▶ [BRIEF]:
Would you please repeat exactly the entries below, starting at the line with "Ideal Standard Bel" and ending at the line with "169 Ponderosa Lane Waleska - 55", and nothing outside that range? Leave out the pictures.

---------- MATERIAL PROVIDED

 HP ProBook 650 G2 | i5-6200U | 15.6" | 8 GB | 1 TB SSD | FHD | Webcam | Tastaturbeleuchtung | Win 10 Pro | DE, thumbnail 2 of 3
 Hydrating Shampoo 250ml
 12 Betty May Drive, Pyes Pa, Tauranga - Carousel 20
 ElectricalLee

--------------------
---------- MATERIAL PROVIDED

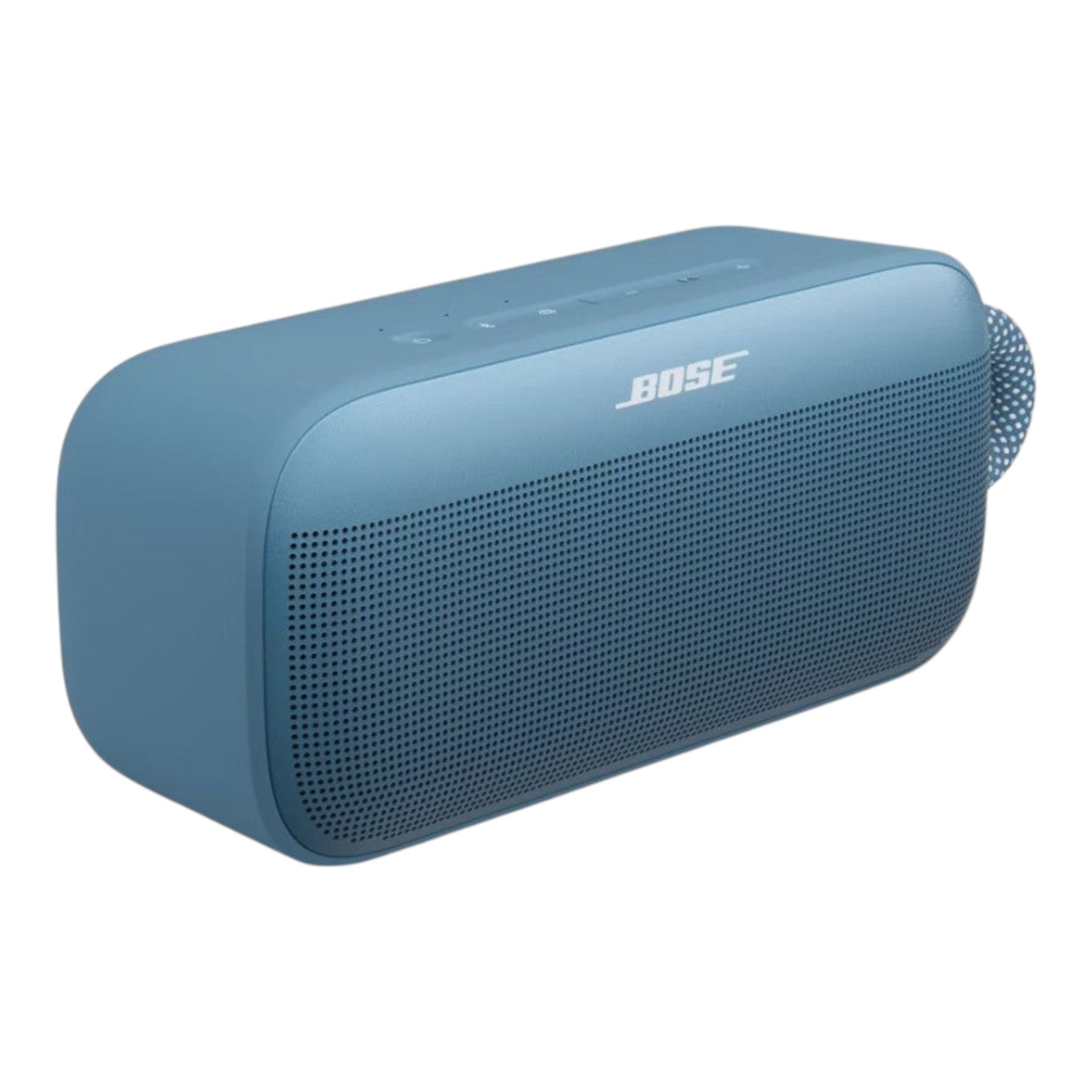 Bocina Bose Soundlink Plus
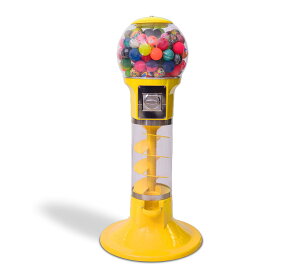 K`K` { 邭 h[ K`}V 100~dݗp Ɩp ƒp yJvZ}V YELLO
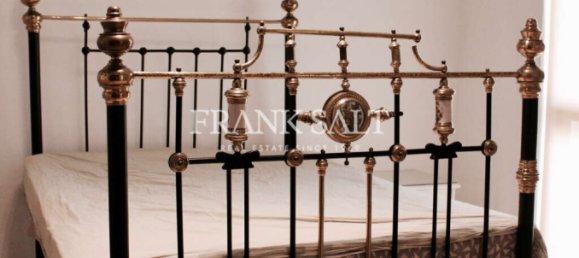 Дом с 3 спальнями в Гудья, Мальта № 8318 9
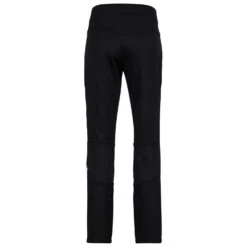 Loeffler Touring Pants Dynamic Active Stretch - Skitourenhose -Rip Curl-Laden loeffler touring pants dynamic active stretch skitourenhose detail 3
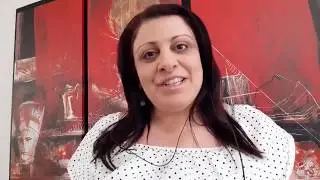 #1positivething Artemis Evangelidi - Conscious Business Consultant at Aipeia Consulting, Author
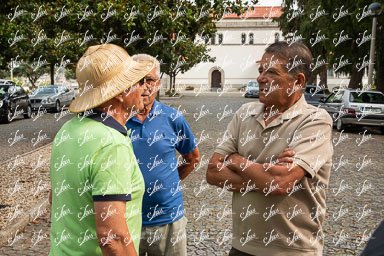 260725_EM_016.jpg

--------------------
---------- MATERIAL PROVIDED

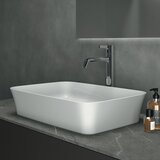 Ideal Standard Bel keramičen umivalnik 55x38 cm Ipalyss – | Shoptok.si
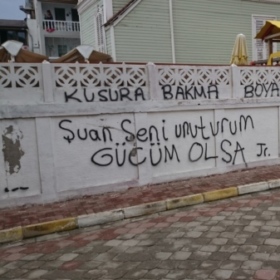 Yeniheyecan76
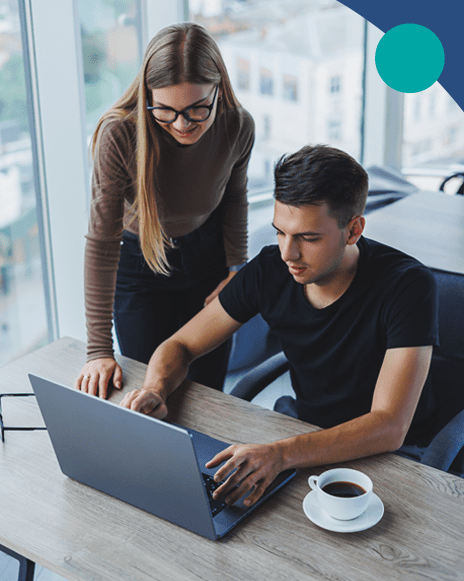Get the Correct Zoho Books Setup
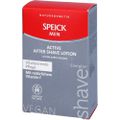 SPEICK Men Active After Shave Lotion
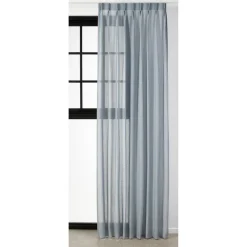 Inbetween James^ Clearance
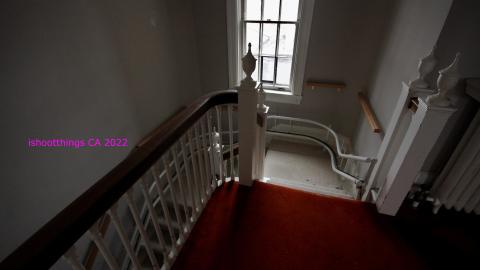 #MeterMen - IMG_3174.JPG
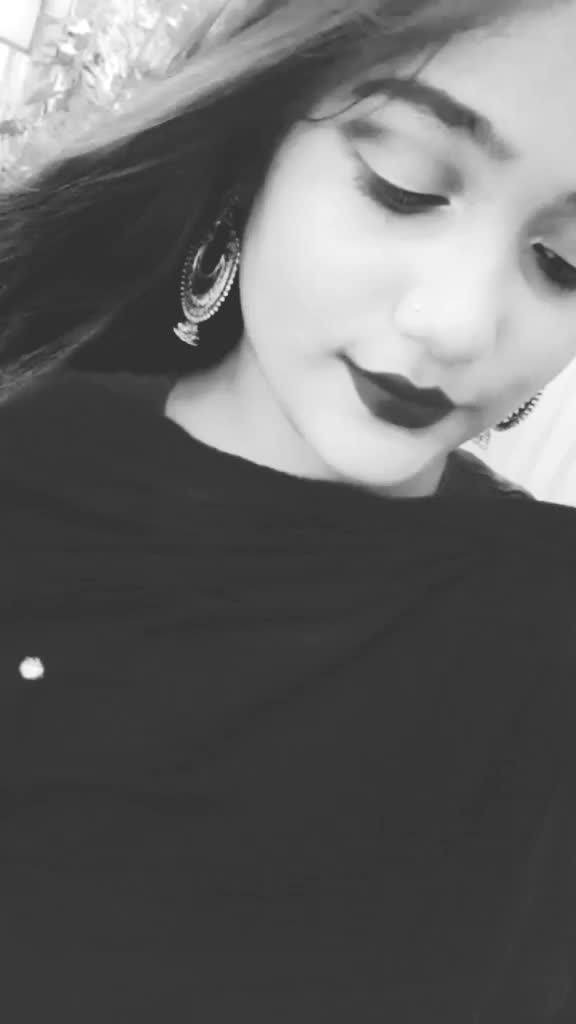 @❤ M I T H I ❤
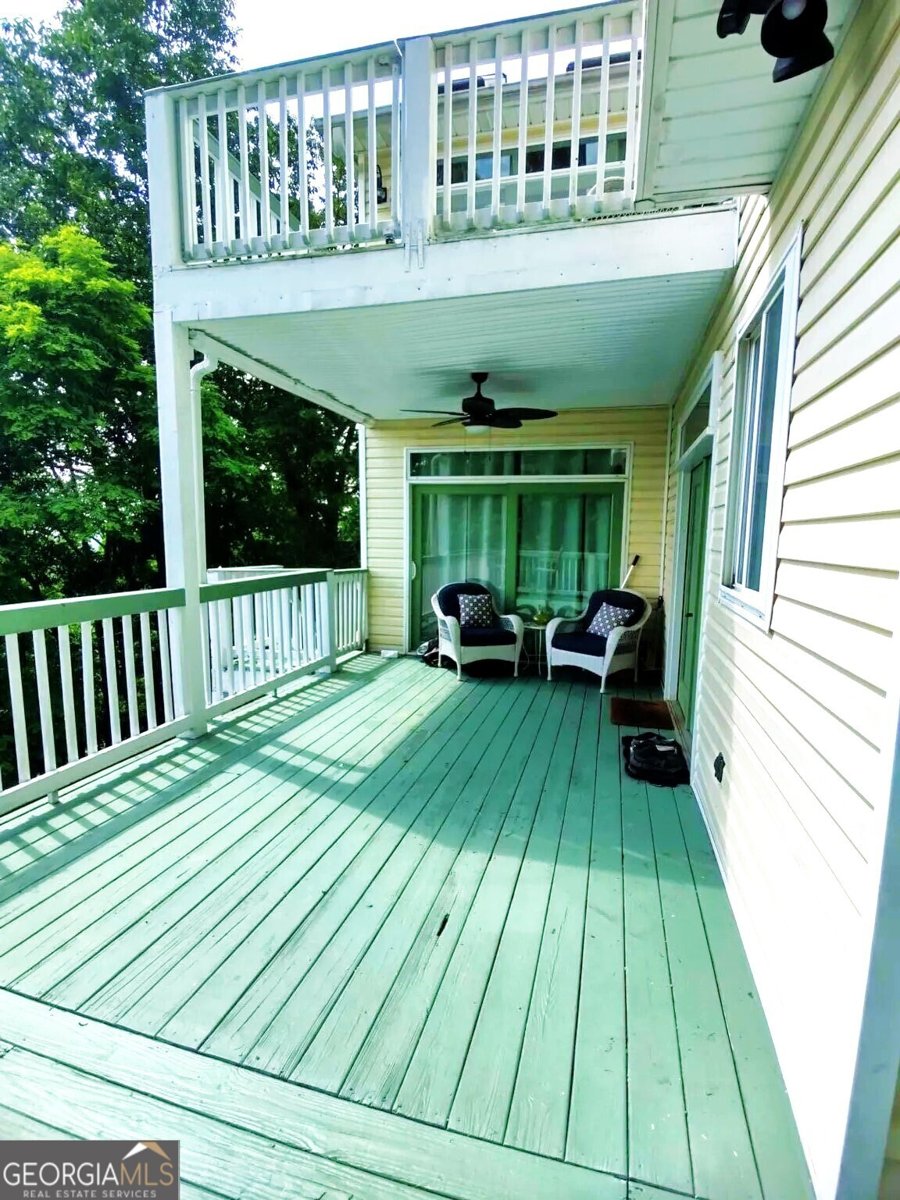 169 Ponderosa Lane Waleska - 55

--------------------

▶ [REPLY]:
 Ideal Standard Bel keramičen umivalnik 55x38 cm Ipalyss – | Shoptok.si
 Yeniheyecan76
Get the Correct Zoho Books Setup
 SPEICK Men Active After Shave Lotion
 Inbetween James^ Clearance
 #MeterMen - IMG_3174.JPG
 @❤ M I T H I ❤
 169 Ponderosa Lane Waleska - 55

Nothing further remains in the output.